Die Süddeutsche von gestern, Kommentar auf Seite 4 von Daniela Kuhr (reimt sich auf Nuhr) zu Leutheusser-Schnarrenberger, die die Buttonlösung gegen Kritik der Industrie verteidigt (Süddeutsche von gestern, Seite 1)

*Die Politik kümmert sich*

Wir lesen diesen Satz jetzt noch einmal:

*Die Politik kümmert sich*

Das schreibt die wirklich. Und was noch viel schlimmer ist: *die meint das ernst!*

Süddeutsche von gestern. Passt irgendwie.
Zunächst wird das Internet erklärt, "hat so vieles einfacher gemacht", hat aber seine Tücken. "kick, klick, klick, schauen Nutzer nicht mehr so genau hin".

Gerade im Bereich Internet schaut die SZ ja auch manchmal nicht so genau hin. Wissen wir ja.

Dann erzählt Frau Nuhr, äääh, Kuhr, von der Geschichte der Abofallen:



> Und so sind in den vergangenen Jahren unzählige Verbraucher in Abo-Fallen getappt. (....) Doch Nutzen heißt Abonnieren, irgendwo im Kleingedruckten wird das klargestellt. Ein Geschäftsmodell, das für Betrüger äußerst lukrativ war


 
Oh weh, Frau Kuhr, passen Sie mal auf, dass nicht der Rodgauer seinen syndigen Münchner Rechtsvertreter in die SZ-Redaktion jagt. Betrüger, so ein böses Wort.
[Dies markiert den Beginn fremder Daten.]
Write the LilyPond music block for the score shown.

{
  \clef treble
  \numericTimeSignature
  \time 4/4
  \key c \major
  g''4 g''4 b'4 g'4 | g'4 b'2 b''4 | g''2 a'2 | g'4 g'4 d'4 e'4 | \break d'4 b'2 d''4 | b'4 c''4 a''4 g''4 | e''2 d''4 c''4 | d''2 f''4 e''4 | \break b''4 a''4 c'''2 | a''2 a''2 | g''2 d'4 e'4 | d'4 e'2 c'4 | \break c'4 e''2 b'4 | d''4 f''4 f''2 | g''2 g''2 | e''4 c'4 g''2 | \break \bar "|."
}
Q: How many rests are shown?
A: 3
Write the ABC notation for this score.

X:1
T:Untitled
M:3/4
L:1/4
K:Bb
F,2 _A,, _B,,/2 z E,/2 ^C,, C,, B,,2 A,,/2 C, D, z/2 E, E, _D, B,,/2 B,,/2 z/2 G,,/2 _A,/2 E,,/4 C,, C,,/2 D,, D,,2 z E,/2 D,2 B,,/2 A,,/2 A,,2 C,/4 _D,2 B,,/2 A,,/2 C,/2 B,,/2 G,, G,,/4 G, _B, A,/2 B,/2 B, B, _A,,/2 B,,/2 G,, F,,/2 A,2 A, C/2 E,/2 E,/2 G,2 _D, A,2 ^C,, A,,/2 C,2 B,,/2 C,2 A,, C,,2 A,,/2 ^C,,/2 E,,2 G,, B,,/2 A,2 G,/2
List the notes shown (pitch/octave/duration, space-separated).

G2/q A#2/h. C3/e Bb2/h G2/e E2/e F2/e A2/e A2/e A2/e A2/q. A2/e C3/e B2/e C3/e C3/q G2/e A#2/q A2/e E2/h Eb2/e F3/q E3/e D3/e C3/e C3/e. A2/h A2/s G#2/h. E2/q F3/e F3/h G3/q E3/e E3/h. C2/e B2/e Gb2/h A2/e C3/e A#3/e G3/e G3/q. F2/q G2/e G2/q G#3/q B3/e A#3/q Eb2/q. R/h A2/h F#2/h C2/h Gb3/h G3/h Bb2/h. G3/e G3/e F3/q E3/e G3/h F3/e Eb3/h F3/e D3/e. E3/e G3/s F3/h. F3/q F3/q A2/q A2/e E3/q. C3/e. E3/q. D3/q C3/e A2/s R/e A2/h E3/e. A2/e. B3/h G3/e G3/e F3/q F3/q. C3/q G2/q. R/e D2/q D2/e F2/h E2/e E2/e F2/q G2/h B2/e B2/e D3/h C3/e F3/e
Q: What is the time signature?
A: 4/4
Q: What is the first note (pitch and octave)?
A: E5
Aber weiter. Betrüger also, zocken unzählige User ab.



> Doch zum Glück nicht mehr lange


 
Denn jetzt kommt ja die Buttonlösung!

Und jetzt kommt eine erstaunliche Erklärung, warum das so lange gedauert hat:



> Es hat lange gedauert, bis die Politik sich zu dieser Lösung durchrang. *Denn natürlich hätten Verbraucher auch bislang schon nicht zahlen müssen. Ein Vertrag, von dem man nicht weiß, dass man ihn schließt, ist nicht wirksam*. Das Problem ist nur: Viele wussten das nicht - und zahlten. *Doch in Zukunft werden Betrüger es schwerer haben. Die Politik hat erkannt: Es reicht nicht, den Bürgern Rechte zu geben. Sie müssen sie auch kennen*


 
So sieht das also die Süddeutsche. Ist ja auch von gestern.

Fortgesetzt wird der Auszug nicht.